## [TASK DETAILS]
Where an entry holds an image, leave the image out; otherwise reproduce the entry exactly.

## [EXERCISE DATA]

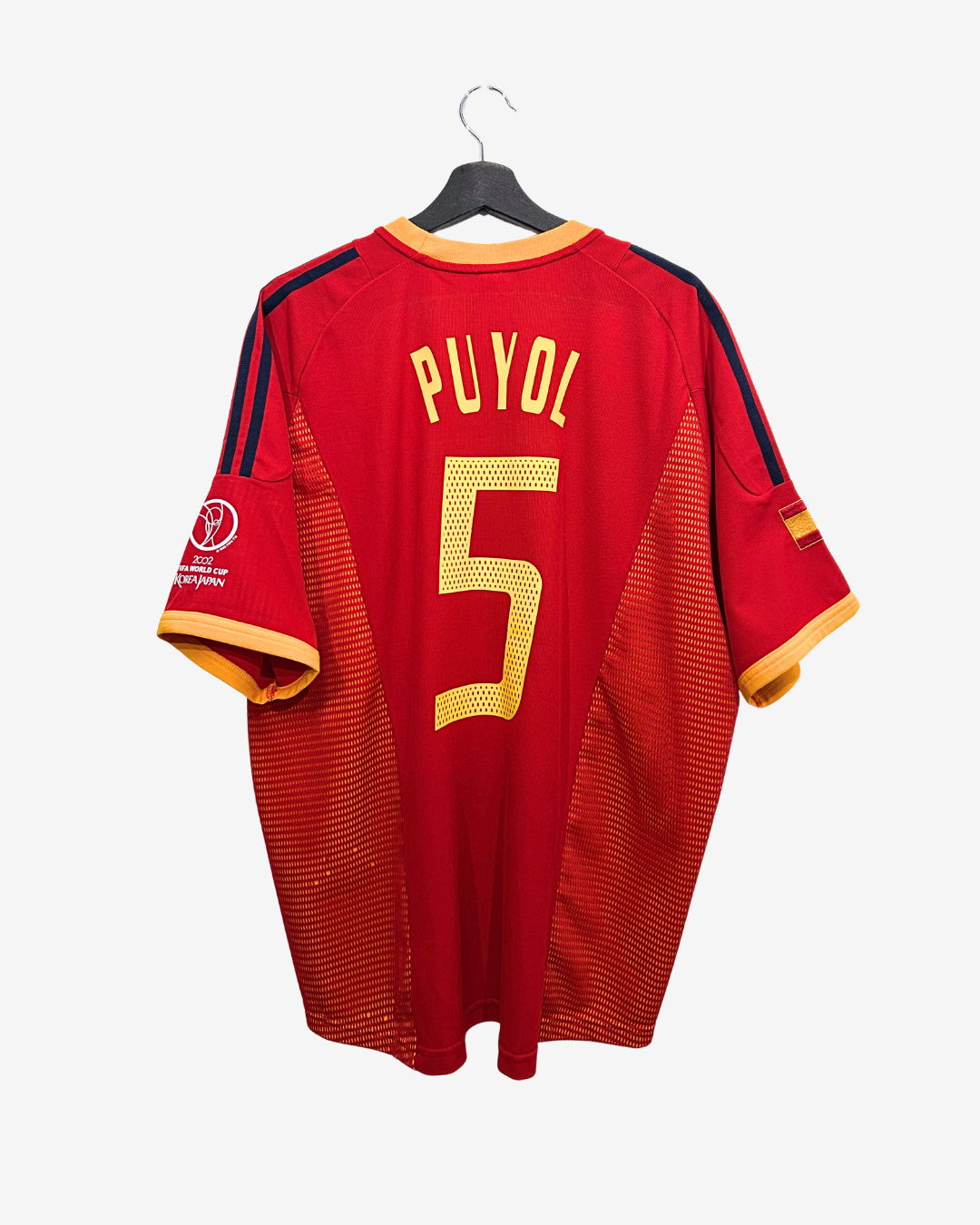 Red sports jersey with 'Puyol' and number '5' on a hanger against a white background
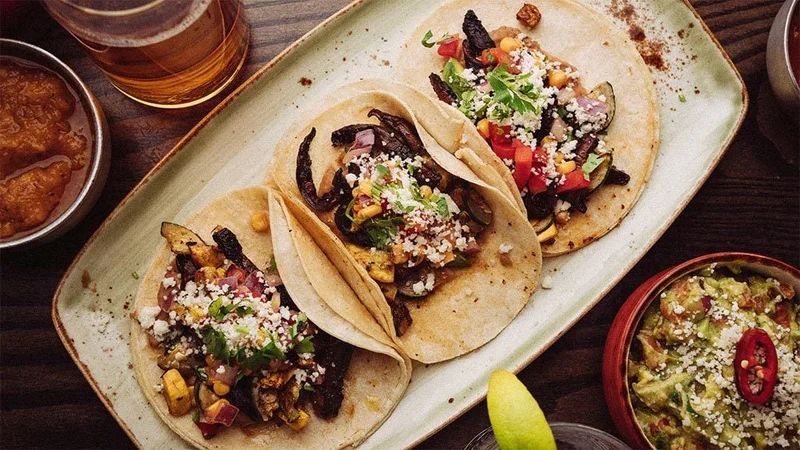 Image description: Overhead view of three tacos on a plate with drinks and guacamole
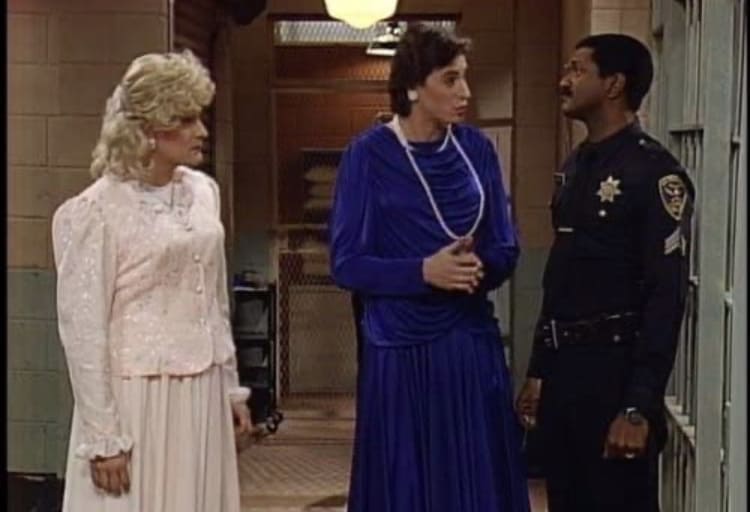 Two performers dressed in elaborate gowns chat with a uniformed police officer in a hallway lined with beige walls and metal bars, evoking the whimsical energy of an Orlando stage show that once featured Bob Saget in a fan-favorite role.
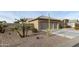 Side view of a tan house with a two-car garage and desert landscaping at 9321 E Diamond Dr, Sun Lakes, AZ 85248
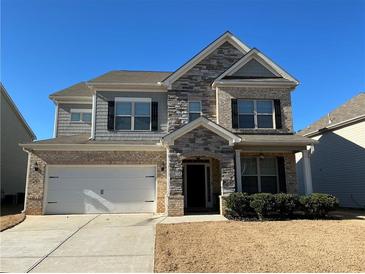 Charming two-story home with stone and siding facade, manicured lawn, and an attached two-car garage at 140 Craines Vw, Covington, GA 30014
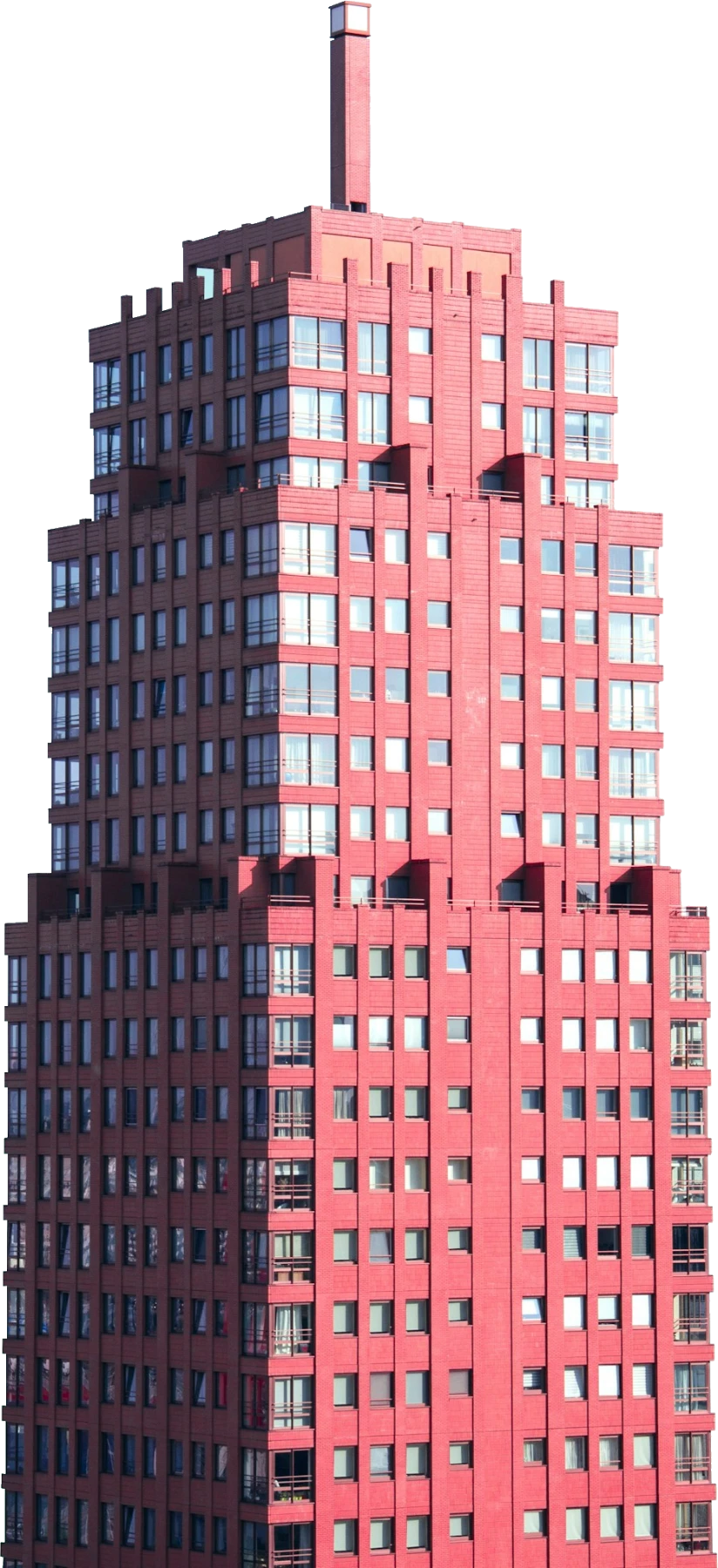 A red high-rise tower rising into a clear sky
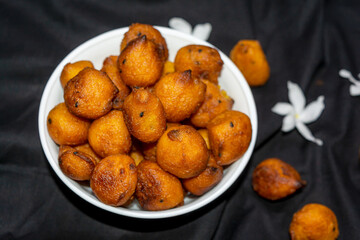 Sugar palm fritters or taler bora in a white bowl on black cloth texture background with white crepe jasmine flower.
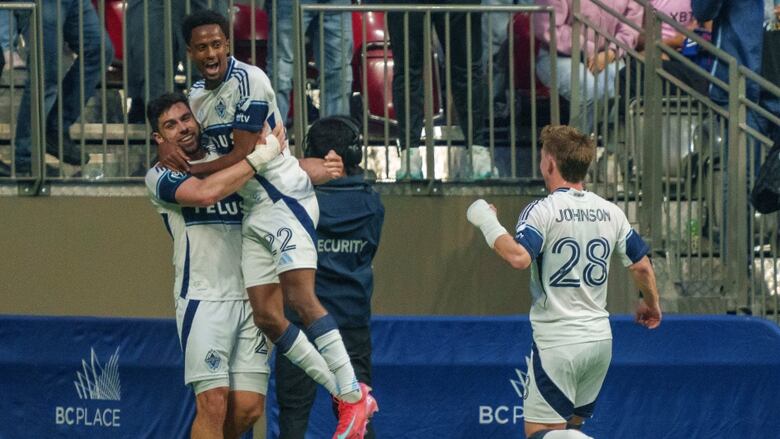 Vancouver Whitecaps' Brian White (left) celebrates his goal against Inter Miami with Ali Ahmed and Tate Johnson during the first half of a CONCACAF Champions Cup semifinal soccer match, in Vancouver, on Thursday, April 24, 2025.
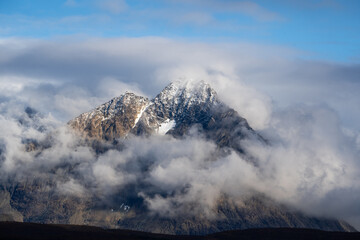 Montaña con nublada con nieve y rallos de sol amarillos
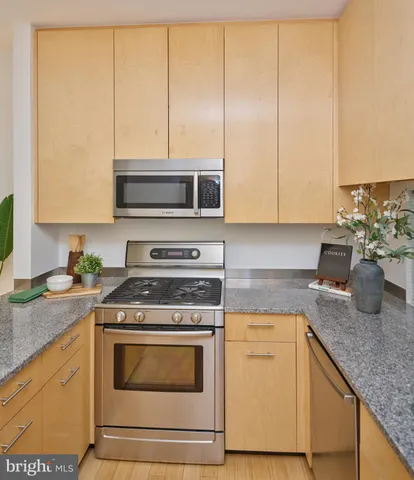 a kitchen with granite countertop cabinets stainless steel appliances and a sink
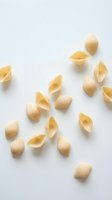 Scattered conchiglioni pasta shells arranged on white background, isolated and ready for food, cooking, and culinary design projects.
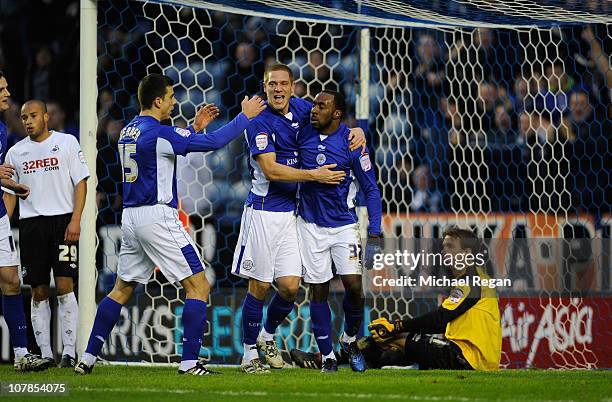 Darius Vassell of Leicester celebrates scoring to make it 2-1 with team mates Michael Morrison and Bruno Berner during the npower Championship match...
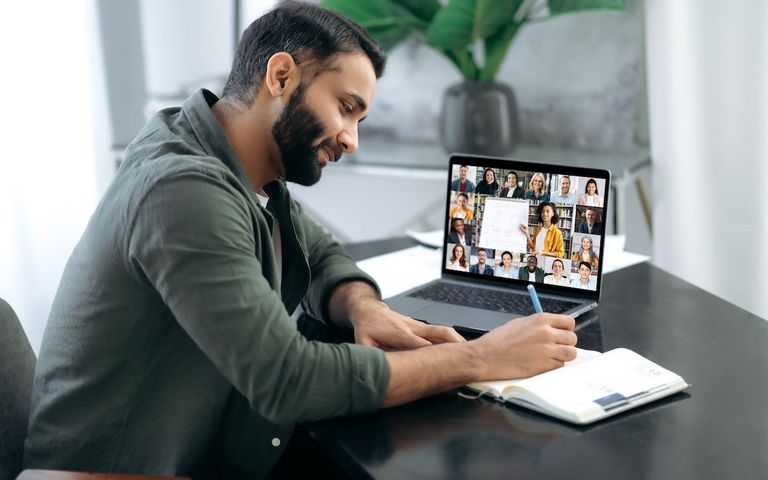 Ein Mann sitzt mit einem Notizbuch an einem Schreibtisch, auf seinem Laptop findet eine Videokonferenz statt.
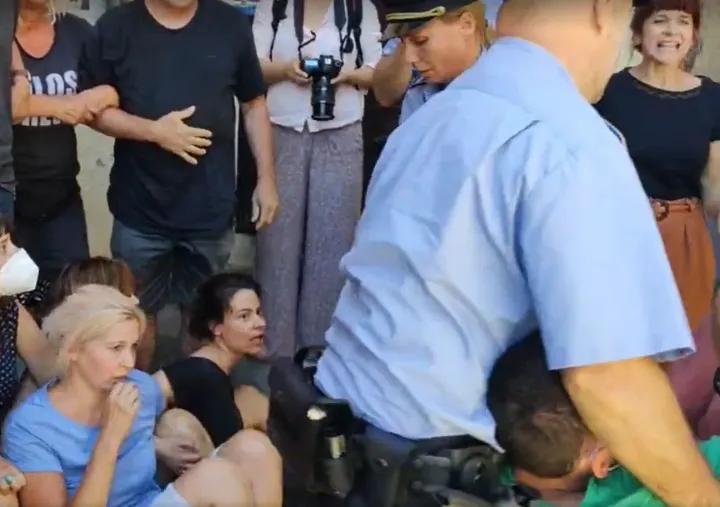 A rendőrök elviszik a sokkolt aktivistát – Forrás: Mérce / Facebook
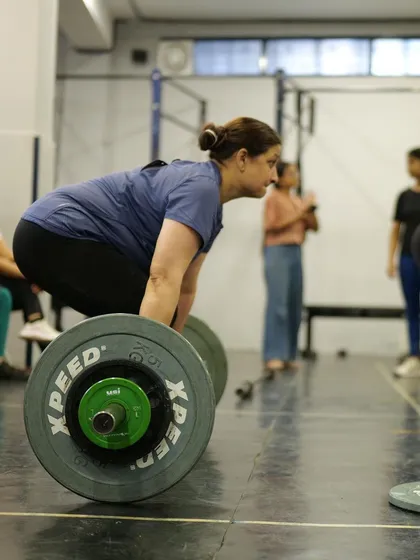 A female athlete setting up for a heavy deadlift. Strength has no gender here. We empower everyone to lift heavy, lift safely, and discover the strength they never knew they had.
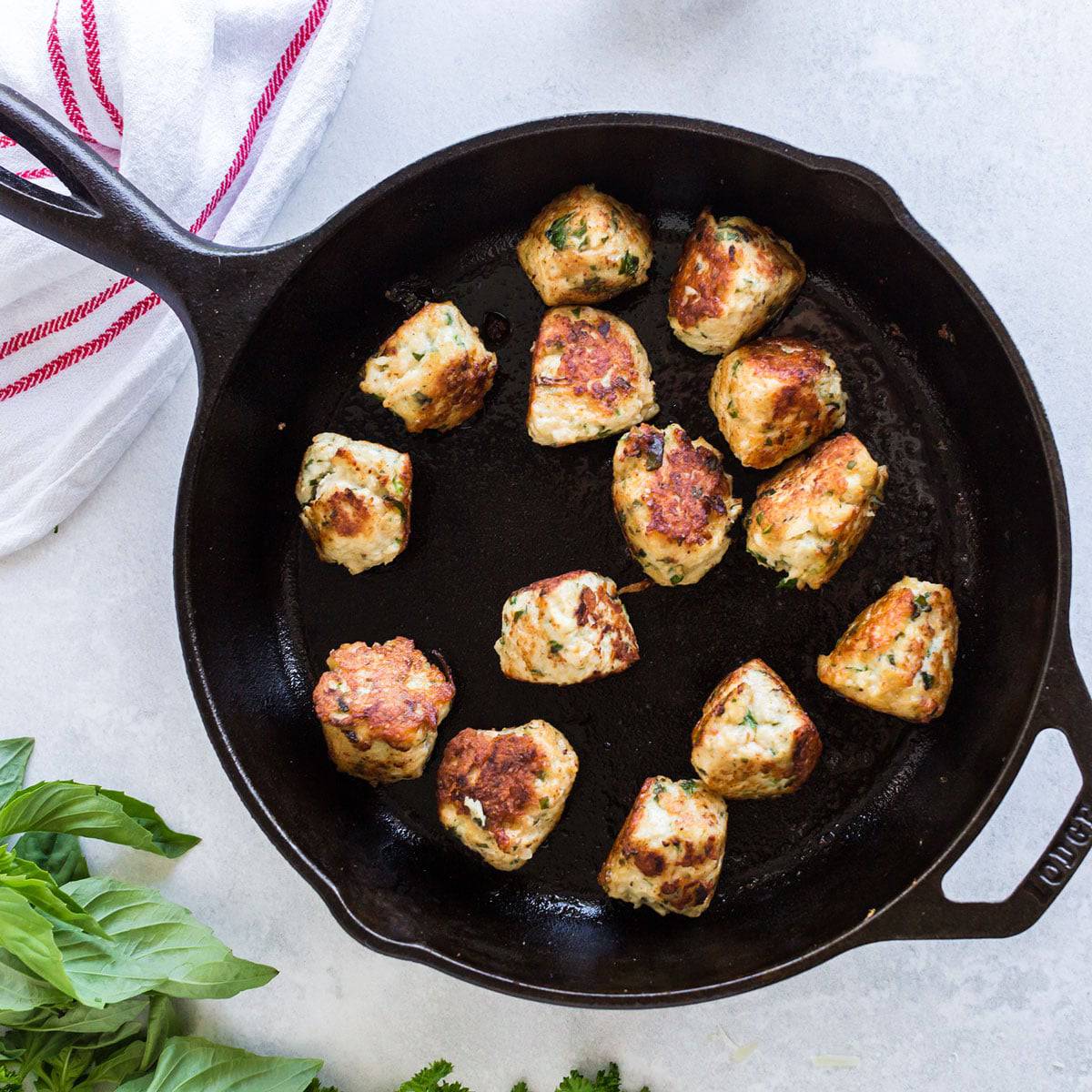 Skillet with browned chicken meatballs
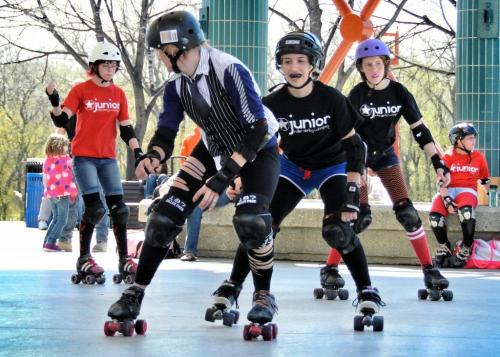 Kasia Dyszy "jazzberry ram" (left) and Emilie Beaudry-Levesque "French fry" ham it up during the Winnipeg Roller Derby League open house at the Forks Saturday afternoon.  120428 April 28, 2012 Mike Deal / Winnipeg Free Press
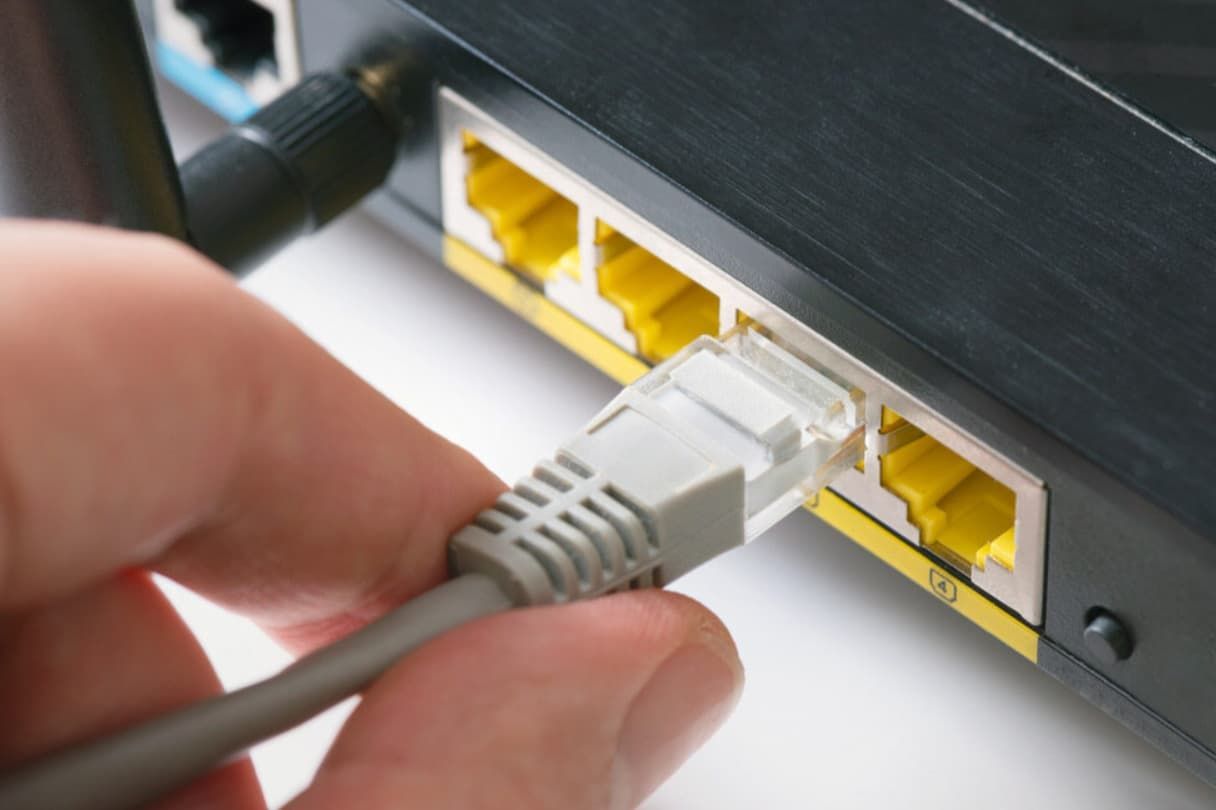 Hand Plugging A Gray Ethernet Cable Into The Yellow Port Of A Black Router — Fry Electrical In Gorokan, NSW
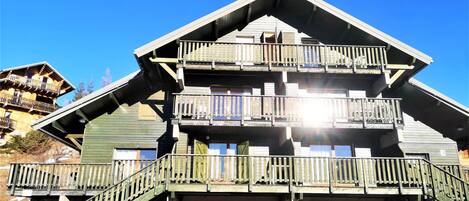 Un edificio de madera de varios pisos, con balcones y una escalera que conduce a los pisos superiores.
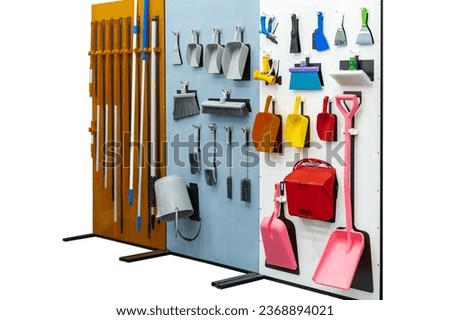 difference type home and garden tool hanging on board such as dustpan mob etc. isolated on white with clipping path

## [OUTPUT]
 Red sports jersey with 'Puyol' and number '5' on a hanger against a white background
 Image description: Overhead view of three tacos on a plate with drinks and guacamole
 Two performers dressed in elaborate gowns chat with a uniformed police officer in a hallway lined with beige walls and metal bars, evoking the whimsical energy of an Orlando stage show that once featured Bob Saget in a fan-favorite role.
 Side view of a tan house with a two-car garage and desert landscaping at 9321 E Diamond Dr, Sun Lakes, AZ 85248
 Charming two-story home with stone and siding facade, manicured lawn, and an attached two-car garage at 140 Craines Vw, Covington, GA 30014
 A red high-rise tower rising into a clear sky
 Sugar palm fritters or taler bora in a white bowl on black cloth texture background with white crepe jasmine flower.
 Vancouver Whitecaps' Brian White (left) celebrates his goal against Inter Miami with Ali Ahmed and Tate Johnson during the first half of a CONCACAF Champions Cup semifinal soccer match, in Vancouver, on Thursday, April 24, 2025.
 Montaña con nublada con nieve y rallos de sol amarillos
 a kitchen with granite countertop cabinets stainless steel appliances and a sink
 Scattered conchiglioni pasta shells arranged on white background, isolated and ready for food, cooking, and culinary design projects.
 Darius Vassell of Leicester celebrates scoring to make it 2-1 with team mates Michael Morrison and Bruno Berner during the npower Championship match...
 Ein Mann sitzt mit einem Notizbuch an einem Schreibtisch, auf seinem Laptop findet eine Videokonferenz statt.
 A rendőrök elviszik a sokkolt aktivistát – Forrás: Mérce / Facebook
 A female athlete setting up for a heavy deadlift. Strength has no gender here. We empower everyone to lift heavy, lift safely, and discover the strength they never knew they had.
 Skillet with browned chicken meatballs
 Kasia Dyszy "jazzberry ram" (left) and Emilie Beaudry-Levesque "French fry" ham it up during the Winnipeg Roller Derby League open house at the Forks Saturday afternoon.  120428 April 28, 2012 Mike Deal / Winnipeg Free Press
 Hand Plugging A Gray Ethernet Cable Into The Yellow Port Of A Black Router — Fry Electrical In Gorokan, NSW
 Un edificio de madera de varios pisos, con balcones y una escalera que conduce a los pisos superiores.
 difference type home and garden tool hanging on board such as dustpan mob etc. isolated on white with clipping path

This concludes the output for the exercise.